Qu’il soit beau ou qu’il soit laid
Tel qu’il sera je l’aimerai.
Saint Thomas, fait moi la grace
Que je le voie, que je l’embrasse. Ainsi soit il.

This is a rough translation: St Thomas, St Thomas, the shortest and most stubby, As sleep comes for me, show me my future hubby, The country in which he resides, the place where he abides, The job that he does for a trade. I will love him, ugly or well-made. St Thomas please help me in this, Let me see him and him let me kiss.

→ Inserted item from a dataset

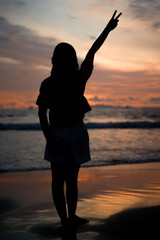 Fototapeta premium Silhouette of girl posed raising peace hand. Silhouette of woman on the beach at sunset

Amen.

In a note, Edith Carey adds that Mrs Knowles’ 'old servant from the Câtel' used also to include 'Montrez moi le lieu où je vivras, Et la loge que j’habitras' ('Show me the place I am going to live, and the house I shall live in').

Not another word must be spoken, and, if the rite has been duly performed, the desired knowledge will be communicated in a dream.

Good luck, ladies!

More from MacCulloch's Guernsey Folk Lore. [DAB]


¹ Louisa Lane Clarke, in her Folk Lore of 1880, wrote of St Thomas' Eve: '.... the Guernsey Hallowe'en, which is not on the Eve of All Saints as it ought to be, but on the 21st December, St Thomas' Day. It is kept much after the Scotch fashion, and it is a famous night for spells and visions, and unpleasant adventures with evil spirits. Men returning from their work in the evening have walked, and walked, and walked, always seeming to be near home, and never getting to their own door, till they have suddenly made a full stop, rubbed their eyes, and found themselves at Torteval or Rocquaine; or of it was a Torteval man, he has stumbled over the Roc du Guet at the Câtel.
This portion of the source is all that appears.